In 2005 the Orange County Transportation Authority was named best in the country. Goodbye to all that. As little use as AU readers may have for buses, there's no getting around the fact that they're a major urban and suburban public transit mode - sometimes the only one available. When funding falls off a cliff, requiring major changes for the worse, it's not good for anybody.

OCTA's quick decline, bleak future

"Since December, the OCTA has cut 133,000 hours of bus service. The agency plans to subtract 100,000 more hours next month, and an additional 300,000 in March."

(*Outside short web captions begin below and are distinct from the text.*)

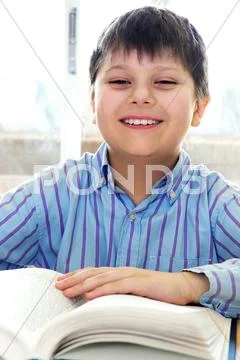 School boy studying Stock Photos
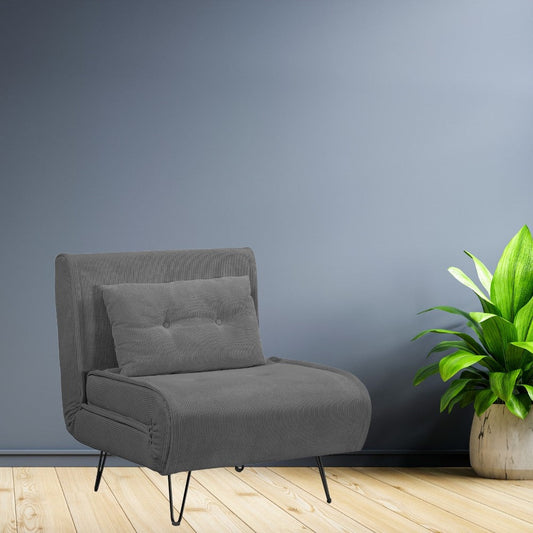 poltrona letto quarzo senza braccioli colore grigio scuro con piedini in metallo, poltrona imbottita con struttura solida e design moderno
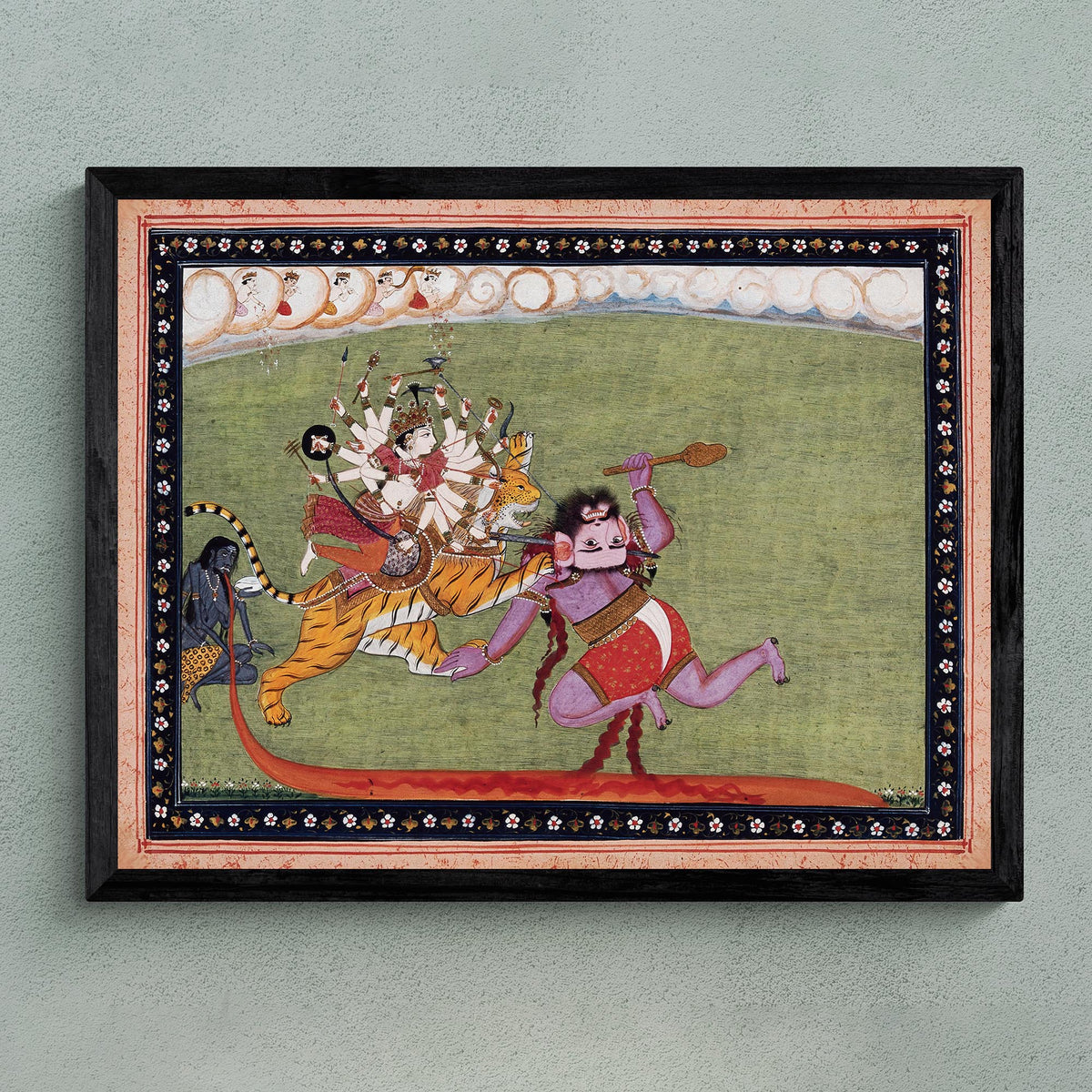Fine art 8&quot;x6&quot; / Black Frame Goddess Durga, Shakti, Defeats Demon Mahishasura | Indian Mythology Folklore | Devi Bhakti Guru Framed Art Print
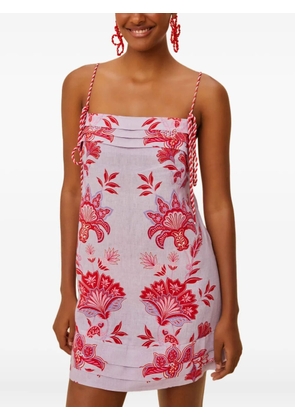 FARM Rio rope strap floral garden mini dress - Purple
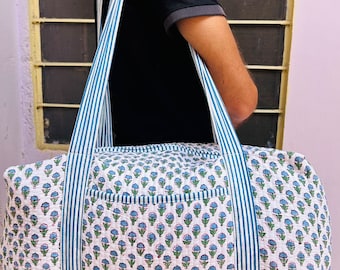 Große Baumwolle Gesteppte Wochenend Seesack Blockprint Reisetaschen Bunte Boho Tasche Duffle Bag Für Frauen Urlaub Geschenke Handgemachte Taschen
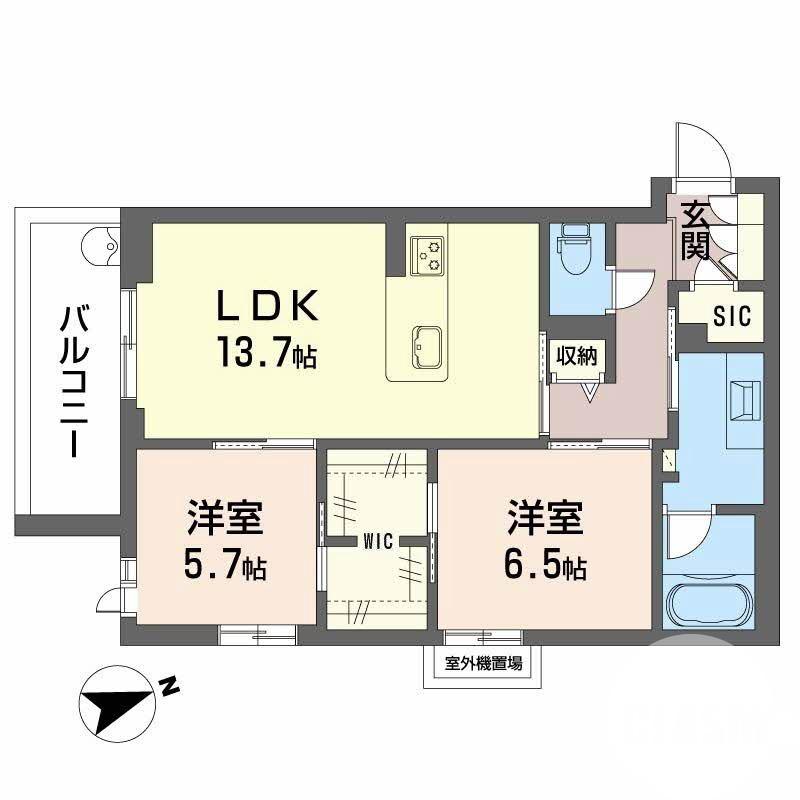 浜寺元町の完工年月(2026年2月)築の賃貸マンションの間取り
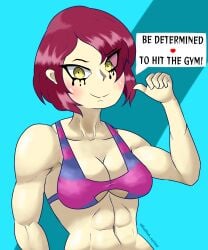 1girls 2d absurdres blue_background bra bra_only english_text eyeliner female female_frisk female_human female_only frisk hellish_spider human human_female human_only looking_at_viewer muscular muscular_female pointing_at_self short_hair solo solo_female text thumbs_up undertale undertale_(series) yellow_eyes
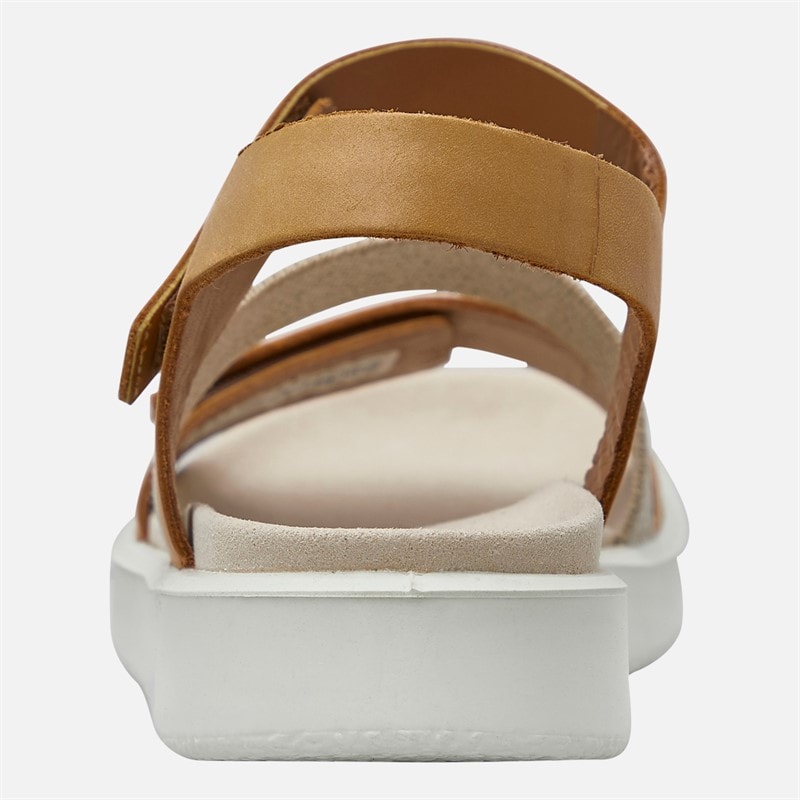 ECCO Womens Flowt Nubuck Wedge Sandals Lion - Image 3
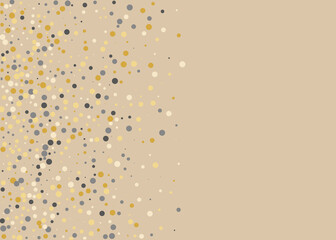 An elegant, light pattern with polka dot in golden, grey and yellow colour on beige background. Fasion, trendy backdrop. Festive, festival pattern for party invites, wedding. Vector illustration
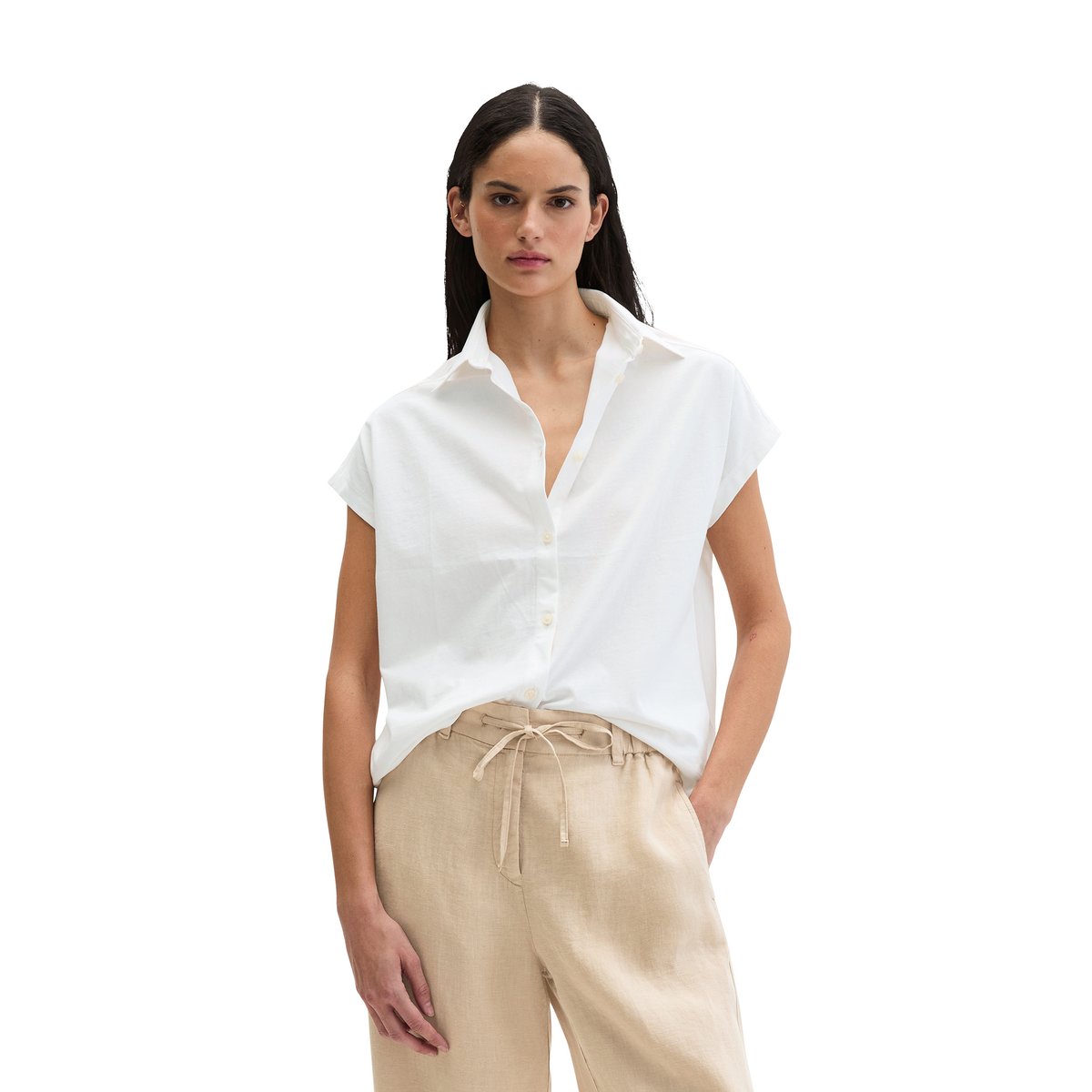 Blouse en jersey large en mélange de matériaux blanc naturel, MARC O'POLO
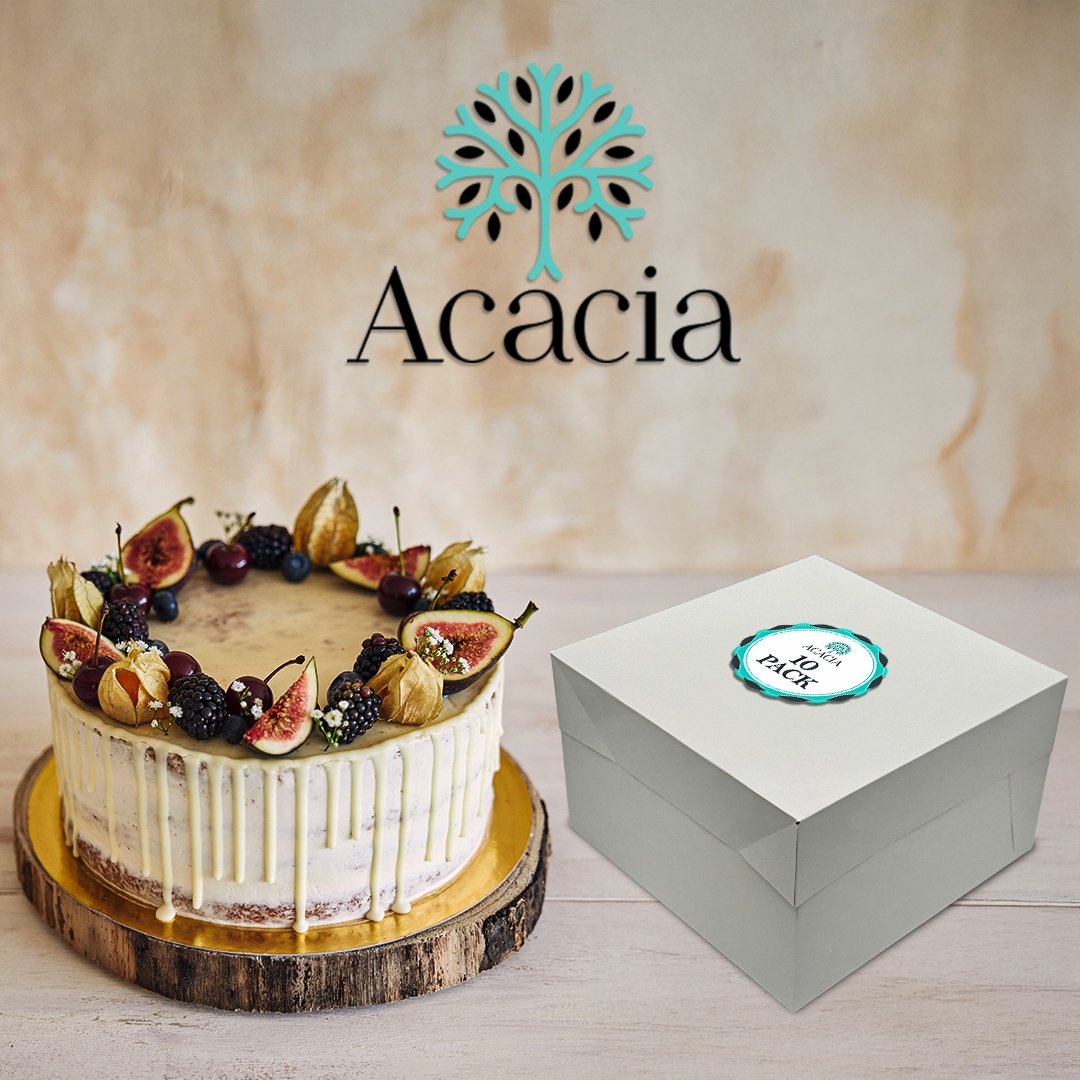 10 inch square cake board and box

BTW, the online version of the L.A. Times has recently been redesigned and reformatted. Since I generally only use it for posting stories found in the actual newspaper I'm a little slow on the uptake, navigationwise.  The new e-mail edition uses a proprietary browser to replicate the newspaper's appearance.


----------



## Rumpled (Aug 20, 2009)

I'm an occasional OCTA rider and some of the numbers in that article don't add up or make sense.

They've dropped in excess of 133k hours of service and yet very few (42) employees - and five months after the service cuts.

$300 million in losses over five years; yet the numbers mentioned in the article don't seem to come to more than $44 million per year - large increases year to year?

As far as budgets assuming 5% growth per year; the housing starts around here have been in decline for a number of years - and that's always driven growth here.

Another problem I have with OCTA is they have no discount on daily fare for kids. I think they should. Same with Metrolink.

And another kicker in the article about Metrolink. The ever promised OC expansion of service delayed yet again.


----------